The man pointed into the woods with his chin. His legs were trembling. Danskin looked at him with suspicion, took the glasses from Smitty, and surveyed everything within view.

“Anybody see us from here?”

“It’s down,” the Mexican said. “We go down now.”

They followed him into the woods, Smitty cradling his rifle across a forearm, Danskin carrying the handgun pointed at the ground. At a turn in the trail, Smitty froze and crouched. Danskin went down with him.

“There’s some fuckin’ thing in the tree, man. Look at it.”

“It’s a mirror,” Converse said. He walked up to the tree and looked up at it. The next tree was garlanded with angel’s hair, a third with black rosary beads.

“There’s another one,” Danskin said. He and Smitty stood up. The Mexican stood stock-still. Converse saw him swallow.

“What’s all this jive in the trees?” Smitty demanded. “What is that about?”

“Decorations,” the Mexican said.

Danskin was standing under a tree on which a small speaker was mounted; its wires trailed down the trunk and led off into deeper wood.

“For Christ’s sake,” he said.

Smitty looked up apprehensively.

“You think they can see us with that stuff? Or hear us?”

“Don’t be an idiot,” Danskin said.

They walked warily under the decorations; lengths of insulated wire from the tree-mounted speakers ran beside the trail and snaked over an outcropping of rock which the trail dipped to circumvent. As they walked in the rock’s shadow, Converse heard the Mexican draw breath and saw him spring into the bushes just ahead of them. Danskin swung at him with the pistol, then shoved Converse aside in pursuit. There was a furious beating of the brush.

Cursing, Smitty swung his rifle up and peered down into the thick green. In a moment, they could see the Mexican run across a rocky clearing. He ran in a comic manner, lifting his knees high, his elbows pumping furiously. Smitty fired at him, deafening them both. The bullet rang against rock. The man was gone.

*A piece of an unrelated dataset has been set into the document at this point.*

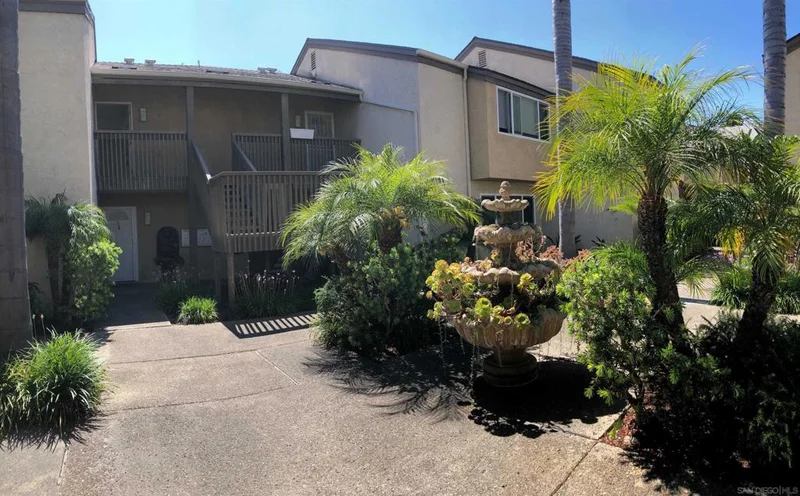 8529 Villa La Jolla Dr. F, San Diego, CA 92037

“There’s a trail down here,” Danskin called to them. “He took off on it.” They climbed down the slope to where Danskin stood and saw that there was indeed another trail, much narrower and oppressed with undergrowth.

“How come you couldn’t shoot him?” Danskin asked.

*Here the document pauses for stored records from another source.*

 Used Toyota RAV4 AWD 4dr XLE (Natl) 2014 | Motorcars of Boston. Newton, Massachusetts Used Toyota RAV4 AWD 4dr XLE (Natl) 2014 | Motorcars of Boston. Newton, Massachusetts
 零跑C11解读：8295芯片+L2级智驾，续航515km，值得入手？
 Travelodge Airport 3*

“I don’t know,” Smitty said sadly. “First I didn’t want to make the noise, and then I couldn’t see him.”

“Goddamn it,” Danskin said, “I knew he wanted to run. I didn’t think he’d get it on.”

“Maybe he didn’t go to the house,” Smitty said. “He didn’t follow the wires. They go the other way.”

“Let’s see where he went,” Danskin said. “We know the way out We’re not gonna get lost.”

The brush was much thicker and it was difficult to see ahead. Smitty went first, forcing his way through the branches that closed in on the trail. At the first turn he shouldered his way through a brake shielding his eyes with his elbow, and abruptly disappeared from sight. They heard him call out in fright.